Free! I smiled, grabbed my passport, and quickly skipped away. The trip was a go and I was on my way.

 

I stepped outside. Airport entrances are largely ugly places. They are designed from a utilitarian point of view, with a passing nod at aesthetics. This is the dilemma that the designers of such places struggle with. An airport is the showpiece of the city it serves. It needs to be unique, memorable, and give the visitor the first impression about what this city is all about, what makes it special. But it also must be functional to a fault. Aesthetics are all well and good, but a flood of cars will be jockeying for position at the front door, releasing departing passengers, picking up passengers, taxi’s, uber drivers, traffic cops, busses and shuttles to hotels. It is a chaotic place full of motion and emotion, whistles and horns. So it needs to also do its level best to corrall and direct this flow of angry and pushy vehicles.
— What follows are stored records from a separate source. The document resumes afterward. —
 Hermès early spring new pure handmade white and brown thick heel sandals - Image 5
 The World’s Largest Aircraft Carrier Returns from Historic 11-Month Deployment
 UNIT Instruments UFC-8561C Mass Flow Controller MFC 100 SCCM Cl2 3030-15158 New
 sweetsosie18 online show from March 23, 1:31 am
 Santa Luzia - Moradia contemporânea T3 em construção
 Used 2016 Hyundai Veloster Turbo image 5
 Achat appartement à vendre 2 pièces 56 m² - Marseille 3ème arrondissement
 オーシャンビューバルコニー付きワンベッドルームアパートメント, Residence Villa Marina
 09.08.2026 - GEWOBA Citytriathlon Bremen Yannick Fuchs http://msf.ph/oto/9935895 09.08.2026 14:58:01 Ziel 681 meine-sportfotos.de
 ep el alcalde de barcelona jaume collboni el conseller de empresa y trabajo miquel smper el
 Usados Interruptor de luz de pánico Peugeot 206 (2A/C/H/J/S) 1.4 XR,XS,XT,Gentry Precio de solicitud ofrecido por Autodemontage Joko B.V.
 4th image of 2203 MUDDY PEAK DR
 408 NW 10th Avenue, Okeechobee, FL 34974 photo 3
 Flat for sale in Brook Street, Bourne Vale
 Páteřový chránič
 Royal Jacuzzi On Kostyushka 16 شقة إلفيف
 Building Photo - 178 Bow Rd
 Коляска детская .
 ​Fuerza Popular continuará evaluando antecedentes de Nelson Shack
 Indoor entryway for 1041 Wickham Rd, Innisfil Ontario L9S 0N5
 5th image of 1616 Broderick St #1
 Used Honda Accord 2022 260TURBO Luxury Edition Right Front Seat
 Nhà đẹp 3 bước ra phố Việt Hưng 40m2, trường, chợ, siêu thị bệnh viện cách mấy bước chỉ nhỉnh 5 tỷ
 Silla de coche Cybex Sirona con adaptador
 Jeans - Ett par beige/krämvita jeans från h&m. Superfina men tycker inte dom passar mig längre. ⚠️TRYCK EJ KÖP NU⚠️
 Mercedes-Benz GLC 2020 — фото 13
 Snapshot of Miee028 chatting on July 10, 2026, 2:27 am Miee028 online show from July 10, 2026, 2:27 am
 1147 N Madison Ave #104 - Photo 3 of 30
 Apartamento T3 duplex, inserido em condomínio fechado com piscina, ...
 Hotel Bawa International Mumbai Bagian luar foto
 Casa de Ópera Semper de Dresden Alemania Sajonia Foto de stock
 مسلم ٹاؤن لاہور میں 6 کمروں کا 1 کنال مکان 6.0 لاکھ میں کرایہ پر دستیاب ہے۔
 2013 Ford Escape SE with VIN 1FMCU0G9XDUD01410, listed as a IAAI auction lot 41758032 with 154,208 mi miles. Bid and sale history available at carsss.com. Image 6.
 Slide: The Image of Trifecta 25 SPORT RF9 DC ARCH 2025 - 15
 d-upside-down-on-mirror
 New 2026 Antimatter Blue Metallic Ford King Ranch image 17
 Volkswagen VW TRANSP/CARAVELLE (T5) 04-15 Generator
Serving this master means that the front of an airport often looks like an off-ramp to a busy highway: 5 or more lanes of oil soaked concrete, traffic cones, signs of every shape, color, and imperative, walkways, fly-overs and sidewalks.

 

A good and diligent airport serves the needs of the cars while still creating a positive and enjoyable impression to visitors. The worst I have ever seen? Laguardia in NYC. No question. The best? Hard to say. Perhaps Maui. But I will say, Toronto is not a terrible front door experience. It has the requisite highways. That cannot be avoided it seems. But it also has a nice pedestrian plaza with plenty of places for people to sit, relax, and take a look around at this place they just landed. Better still? There are installed in this plaza in a raised planter a series of figures called XXXX. These are human-like figures made of stone that were historically created by the native tribes. What a great thing to put at an airport. It says, “this is what is special and unique about this place you have just landed, this is what makes us different from the place you left.” Well, that is, unless you left from somewhere else in Canada, but it is an international airport, so there is a good chance you don’t have xxxx in your City.

 

I sat by the xxxx for a while. I watched a boy of 5ish years as he scaled the stones of these statues. I thought about his distracted parents nearby, who let little Timmy run free as they did whatever. I suspect in the traditional construction of these figures, they are just carefully stacked. If these were traditional, little Timmy would have knocked a pile of stones onto himself as he climbed them. That would be the end of little Timmy, and perhaps his parents would be a little more determined to teach his siblings not to climb on public art. “Your older brother climbed a statue and was crushed. You don’t want that to happen to you do you?”. I was thinking of this, and then thought of the artists and insurance agents responsible for these sculptures. They had anticipated the little Timmy’s of the world and had carefully welded the stones together, preventing lawsuits and unfortunately, a good life lesson for the little Timmy’s of the world.

 

I went back into the airport to catch my next flight.